As an i875P system with an 800MHz-bus Pentium 4/3.0 processor and gigabyte of PC3200 memory, you’d expect the Gateway to perform like the comparable Dell Dimension XPS we tested last month — in other words, spectacularly fast — and it did. The E-6100 ran roughshod over BAPco‘s SysMark 2002 benchmark with a score of 319 — posting a 438 in Internet Content Creation and 232 in Office Productivity.

The Radeon 9800 Pro made mincemeat of our graphics speed tests, too, with a FutureMark 3DMark 2001 SE Pro score of 17,938 — or 5,621 on the download version of 3DMark03 — and an absurd 365 frames per second in Quake III Arena in High Quality 1,024 by 768 mode. The Gateway tied the Dell XPS’ Codecreatures 1,024 by 768 benchmark result of 46 fps without and 31 fps with 4X antialiasing, and managed a fractionally better Unreal Tournament 2003 demo flyby of 227.4 fps.

The A-La-Carte Menu

Clearly, anyone ordering an E-6100 for workhorse server duty could save money by choosing a less game-worthy graphics card — according to Gateway’s configuration page, an Nvidia GeForce FX 5200 would subtract $300, more than enough to add the company’s handsome VX930 19-inch (18-inch viewable) monitor. For that matter, most servers would be fine with the 2.6GHz Hyper-Threading CPU that’s priced $250 below the 3.0GHz chip.

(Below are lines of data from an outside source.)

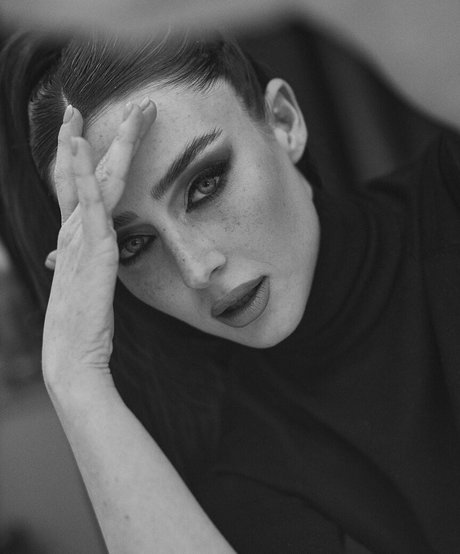 Effy Palarya photo 337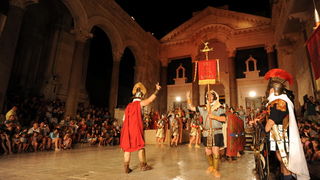 Split, 200812.
Tradicionalni “Dani Dioklecijana” koji se u Splitu uprilicuju zadnjih godina dozivljavaju svoju ekspanziju svake godine pa se tako i na vecerasnjoj manifestaciji zatvaranja natiskao prepun Peristil gdje se car Dioklecijan oprostio od svojih Split, 200812.
Tradicionalni “Dani Dioklecijana” koji se u Splitu uprilicuju zadnjih godina dozivljavaju svoju ekspanziju svake godine pa se tako i na vecerasnjoj manifestaciji zatvaranja natiskao prepun Peristil gdje se car Dioklecijan oprostio od svojih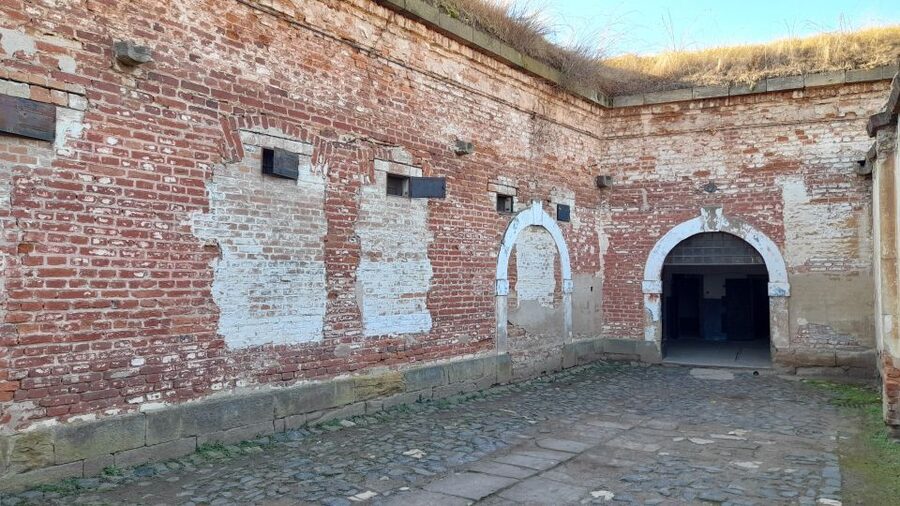 Private Half-Day Tour To Terezin Concentration Camp - Big Fortress: from ghetto gates to the Museum of the Ghetto for boys
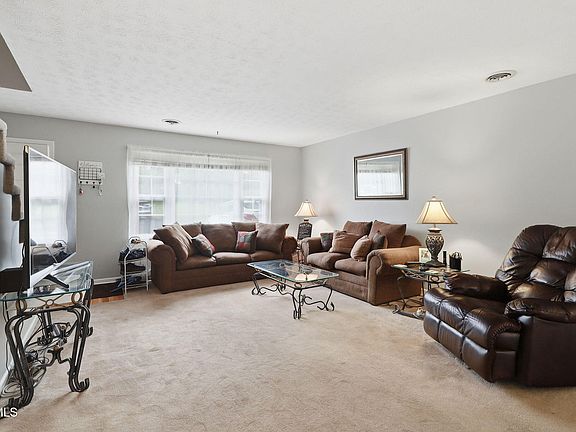 4th image of 3539 Netherland Ln #9-INN
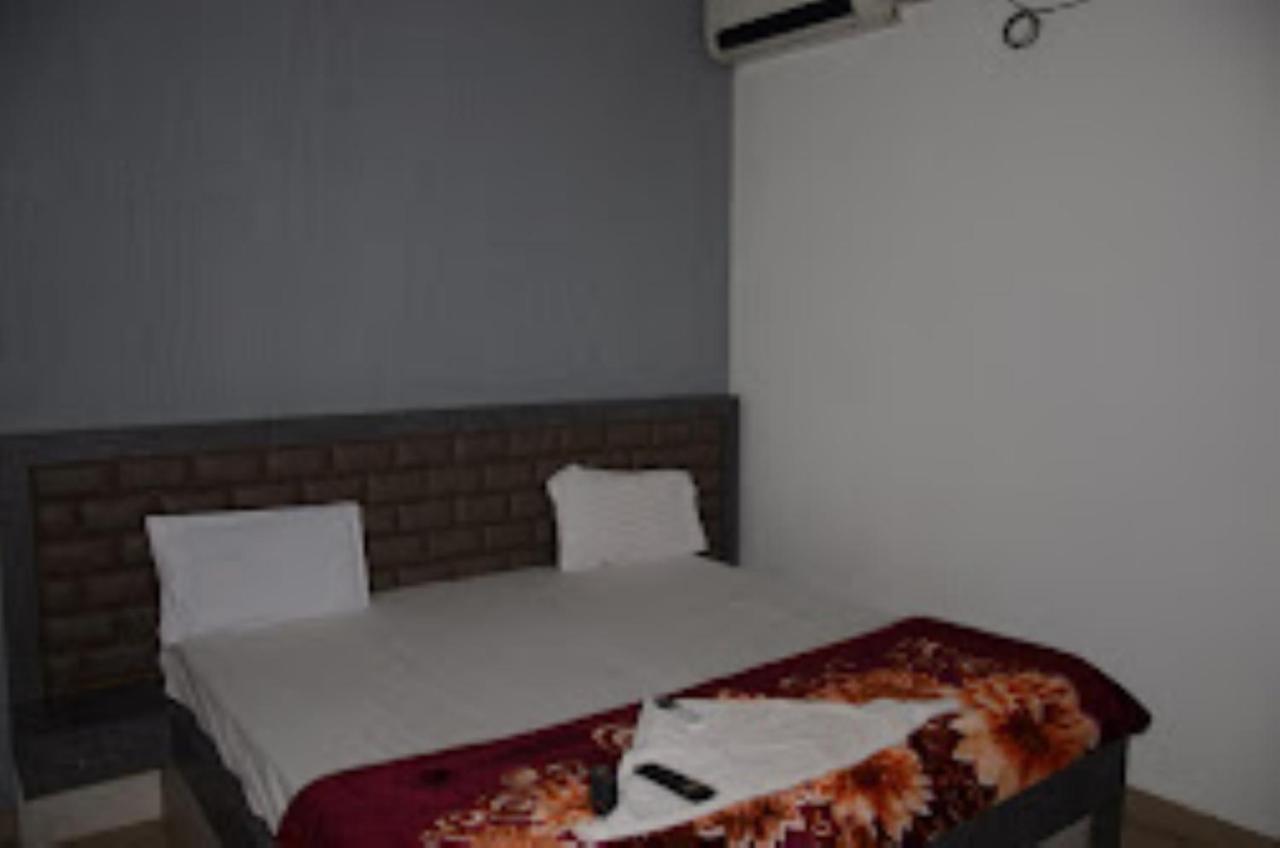 Hotel Rajawat , Madhya Pradesh Vidisha Exteriör bild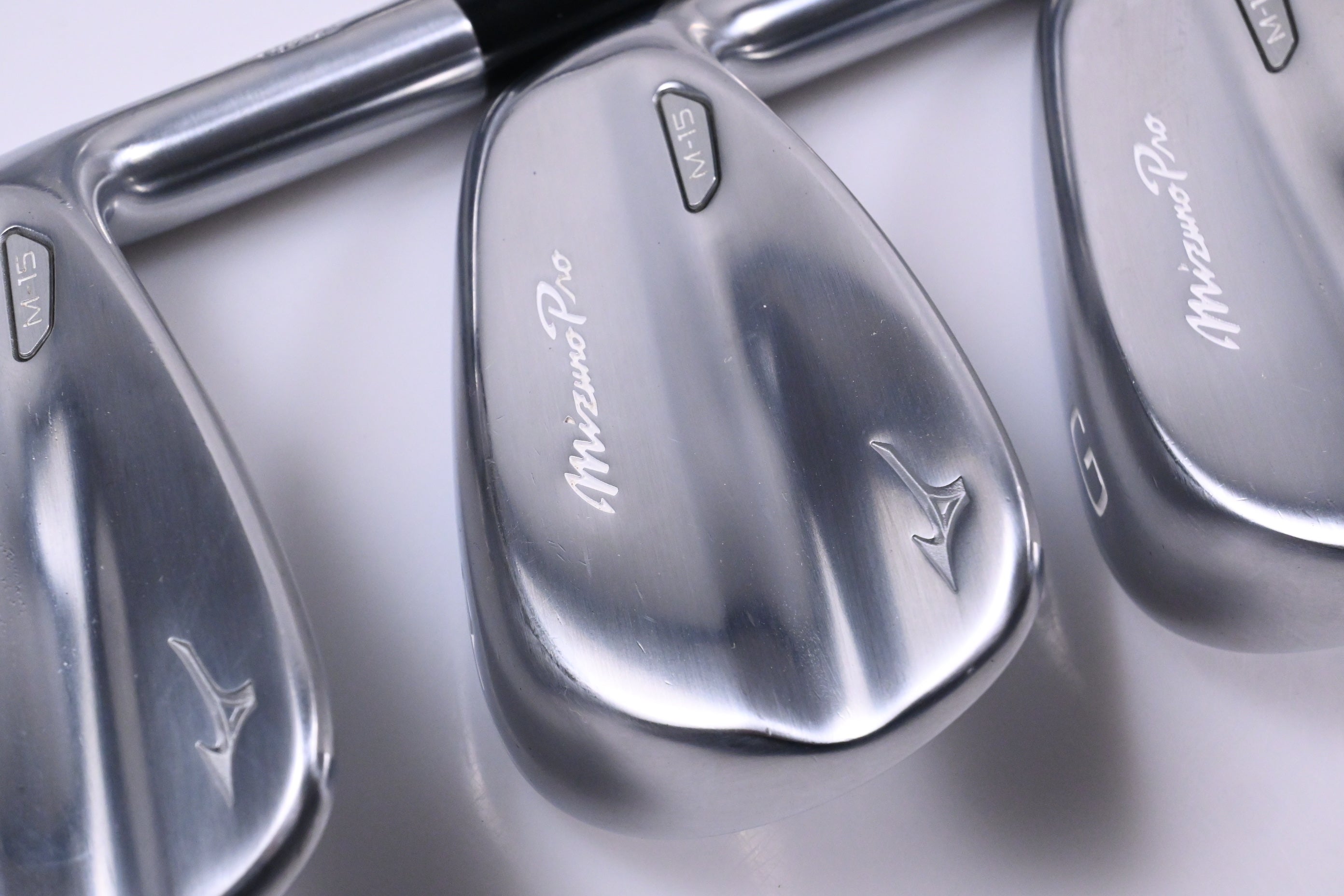 Mizuno M-15 Irons / 7-PW+GW / Regular Flex UST Recoil ES 780 Shafts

On the other hand, someone seeking an image-editing or CAD workstation would probably not only keep the ATI card, but add $60 for a CD-RW or $210 for a DVD-RW recordable instead of our system’s humble CD-ROM drive. But he or she, in turn, could probably settle for something less than our colossal 320GB RAID array — perhaps a single 160GB hard disk, stepping down slightly to parallel rather than Serial ATA speed, and saving $300 in the process. Either buyer would get Windows XP Professional and Intel’s LANDesk Client Manager software, but no productivity software, preinstalled.

Unless the Gateway was destined for a server closet, we suspect almost any customer would be willing to splurge an extra $25 or so to replace the economy-model keyboard and mouse that came with our system — the former a generic, rattly plastic affair with no multimedia, sleep, or program-launch keys, and the latter an old-fashioned mechanical rather than smooth-gliding optical mouse.

But again, while our particular combination of the plain CD-ROM drive and fancy Radeon 9800 Pro graphics clashed, the E-6100 impressed us as an almost alarmingly potent update of the traditional office-PC tower, with speed and storage capacity truly beyond users’ dreams of just a year or so ago — and the comfort of a three-year parts, labor, and onsite-service warranty. Who says business PCs have to be boring?